Die zentrale Frage in James' Novelle ist die, nach der Ehrbarkeit von Mrs. Headway. Alle ahnen, dass es damit nicht weit hergeholt ist. Der Einzige, der - abgesehen von Mrs Headway - die Wahrheit kennt, hält sich bedeckt. Bemerkenswert ist an dieser Stelle die Scheinheiligkeit der Männerwelt. Die Männer liegen Mrs. Headway zu Füßen, jedoch nur, wenn es keiner sieht. "Mann" sucht ihre Nähe, jedoch nur fernab von der "feinen Gesellschaft". Und gleichzeitig verdammen die Männer Mrs. Headway aufgrund ihrer Vergangenheit. Sie sind sich einig, dass Mrs. Headway auf gar keinen Fall zur Gesellschaft gehören darf. Alles andere wäre ein Skandal.
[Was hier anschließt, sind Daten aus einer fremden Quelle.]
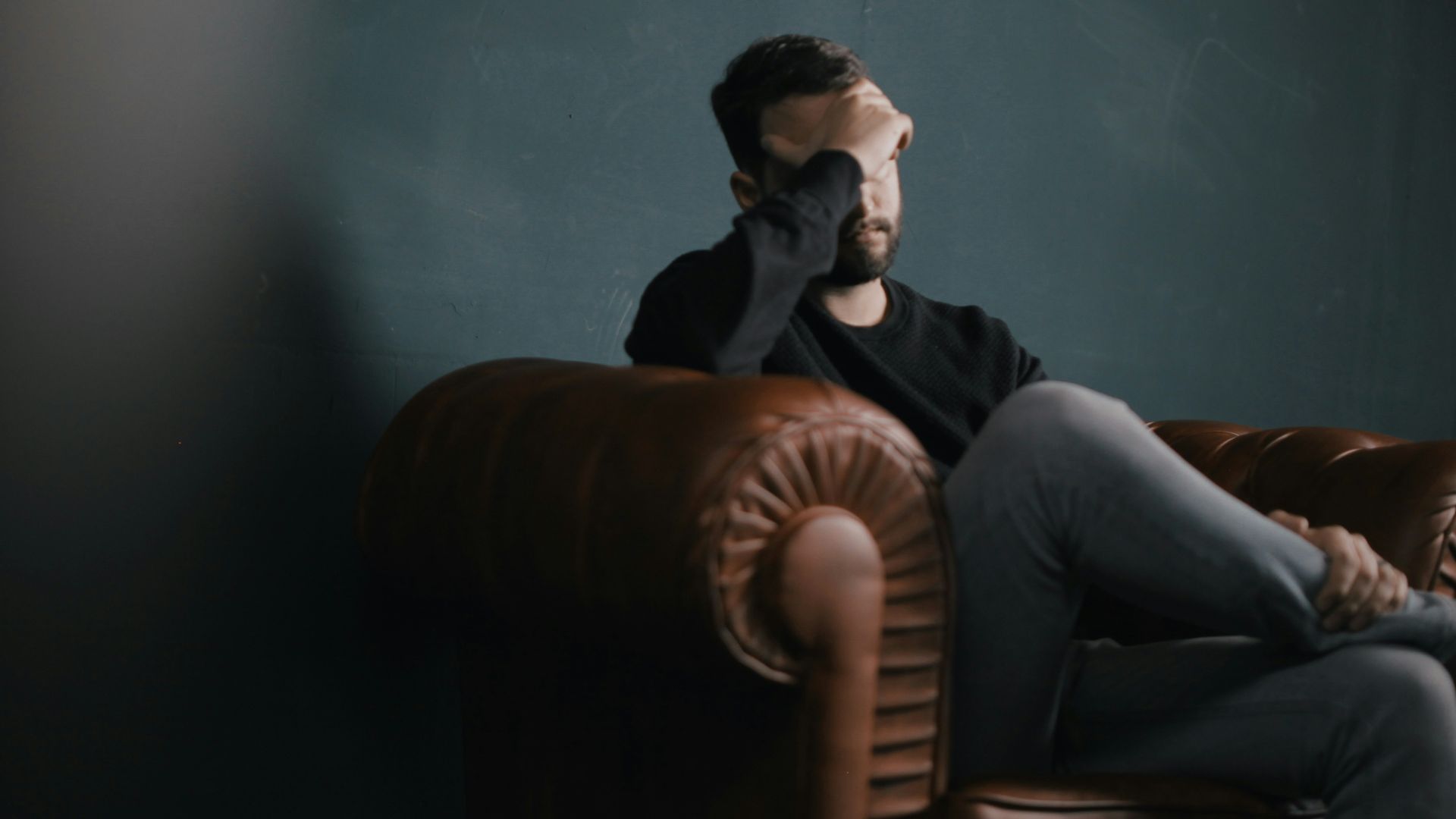 a man holds his head while sitting on a sofa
"Waterville wollte, dass sie blieb; wenn er sie ansah, fühlte er sich, als betrachte er ein bezauberndes Bild. Ihr langes Haar mit den schönen dichten Locken war von einem Schwarz, wie es heute selten geworden ist; ihr Gesicht besaß die Frische einer weißen Blüte; ihr Profil, wenn sie den Kopf drehte, war so rein und makellos wie der Umriss einer Kamee." (s. 15 f.)

Fazit:
Eine humorvolle Geschichte über Ehrbarkeit, Scheinheiligkeit und die sogenannte feine Gesellschaft. Ich habe diese Novelle mit großem Vergnügen gelesen. Insbesondere der zeitlose Sprachstil von Henry James hat es mir dabei angetan.